Como era temprano había poca gente pululando y convencí a Isaac para ir en taxi hasta Yasmine Hammamet. Había oido de tiendas de precio fijo allí... lo que nos encontramos fue un Terra Mítica lleno de grandes avenidas, con su propio parque de atracciones, cartón piedra por todas partes y hoteles gigantescos... los vendedores igual de pesados, pero esta vez te insultaban si pasabas de largo.

Nos fuimos ipso facto en otro taxi hasta el viejo pueblo de Hammamet... su playa con las barquitas, su fortaleza.. tenía mejor pinta. Pero quizás por el cansancio, o el hartazgo más bien, la visita al zoco fue terrible... te agarraban del brazo, te acosaban, te seguían... no tenía paciencia y aguanté muy poco allí dentro.
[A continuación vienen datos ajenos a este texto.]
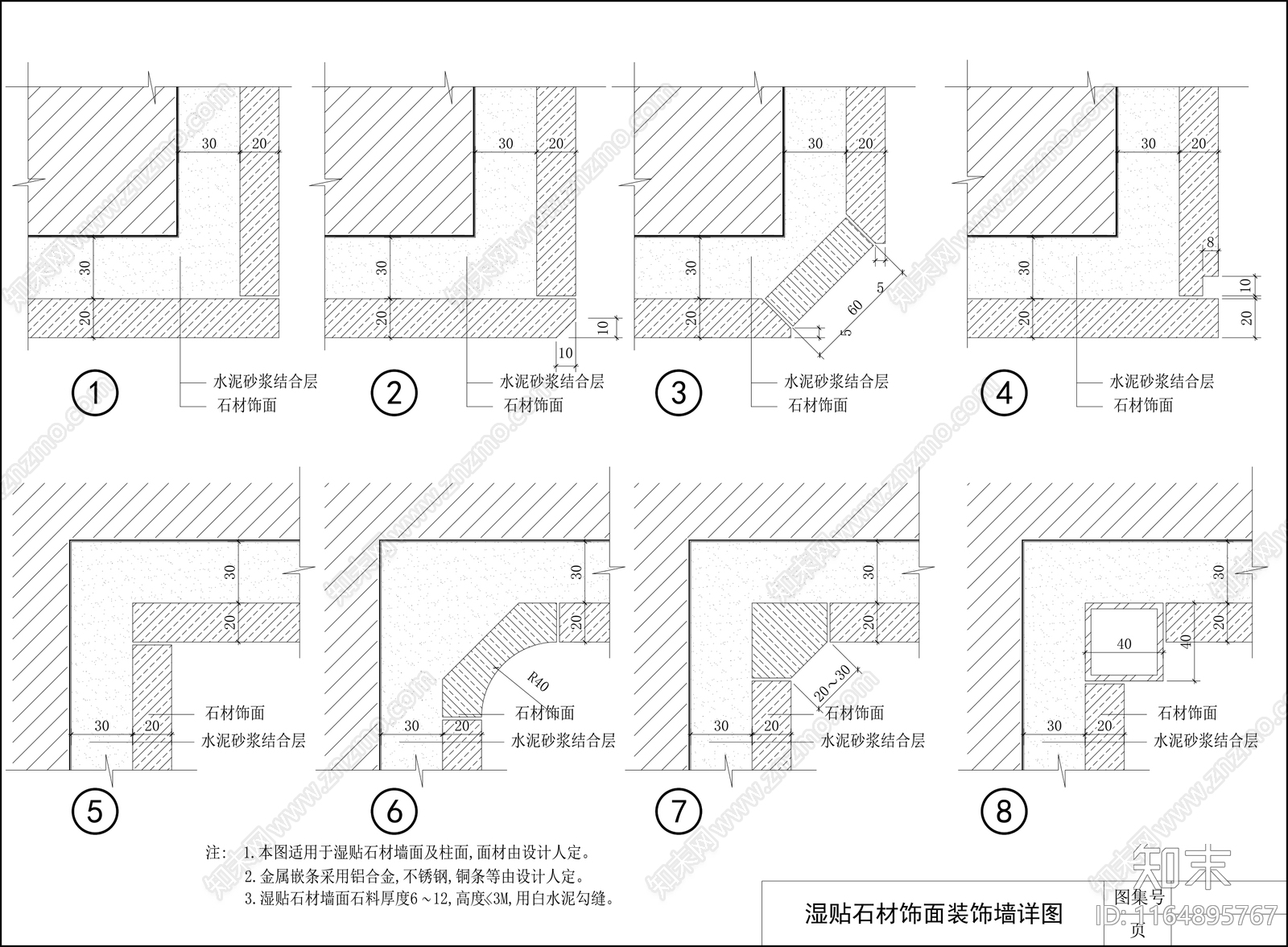 现代墙面节点cad施工图下载【ID:1164895767】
La vuelta al hotel en taxi tuvo un pequeño incidente, ya que el taxista se saltó un stop y al ver aproximarse al policia sacó de la guantera un fajo de billetes. Salió del coche, volvió (no supimos si con el fajo o sin él) y seguimos camino al hotel.

Una fugaz visita a la playa para imaginar como hubiera sido con buen tiempo fue la última salida que hice.
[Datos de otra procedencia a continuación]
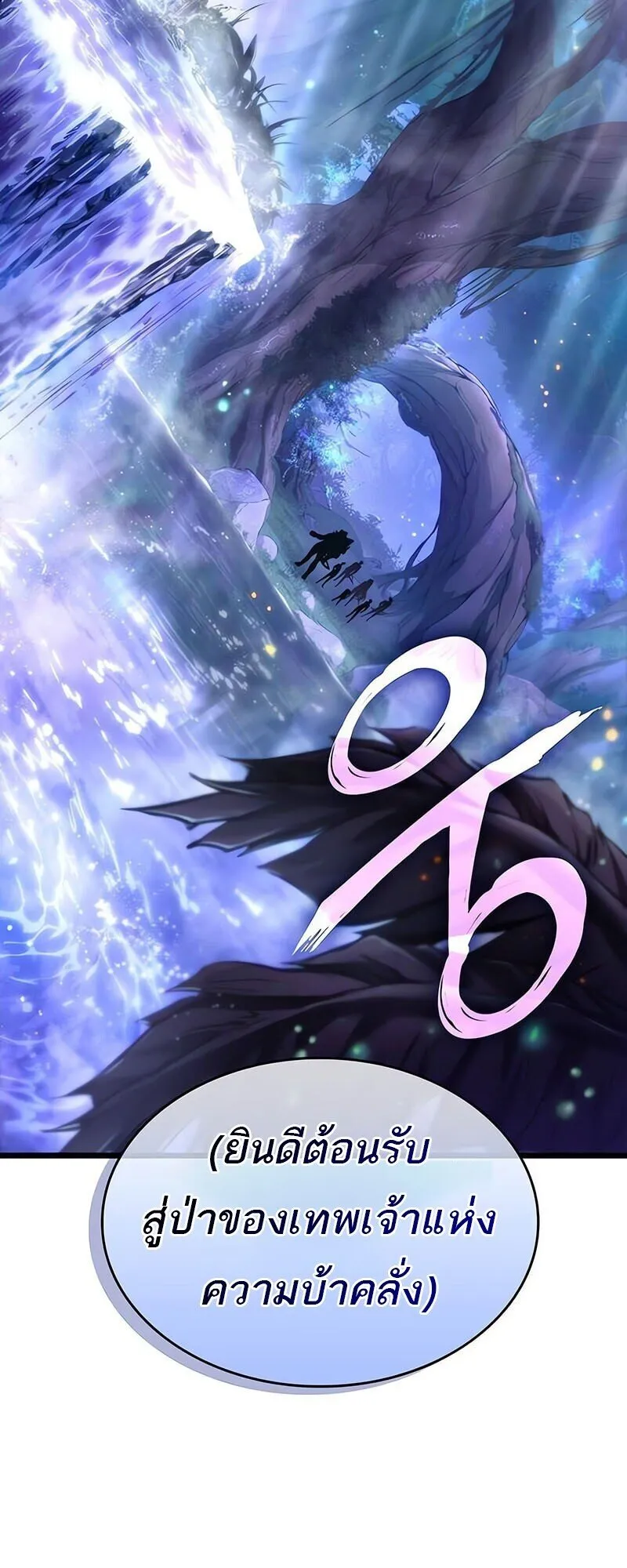 The World After the end โลกหล_งการล_มสลาย ตอนที่ ตอนที่ 192 รูปที่ 31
La vuelta transcurrió con normalidad aunque hubo revisión de algunas habitaciones y se mantuvo el tono bronco entre el staff del hotel y nosotros..

En el aeropuerto aproveché para hacer compras de regalitos. El avión no era tan grande como el de la ida, pero nos dieron comida que yo agradecí bastante. No hubo problemas, salvo alguna ligera turbulencia, y en Barajas nos esperaba el bus que nos devolvía a Segovia.


En resumidas cuentas...

Volvería a Túnez, sí, pero sin intermediarios. Es un país seguro, con buenas comunicaciones y que se deja conocer. Tiene rincones y cultura aceptables para los más exigentes
Los precios son muy asequibles, y en lo que respecta a las compras con mucha paciencia y bastante maña el regateo sale ventajoso. No obstante los supermercados (hay carrefour y todo) y el Duty Free del aeropuerto es una opción para los demasiado occidentalizados como yo.

Para terminar esta serie una foto con algo tan llamativo como la manguerita que había en todos los baños... igual de paradójico que el país, igual de chocante para el europeo.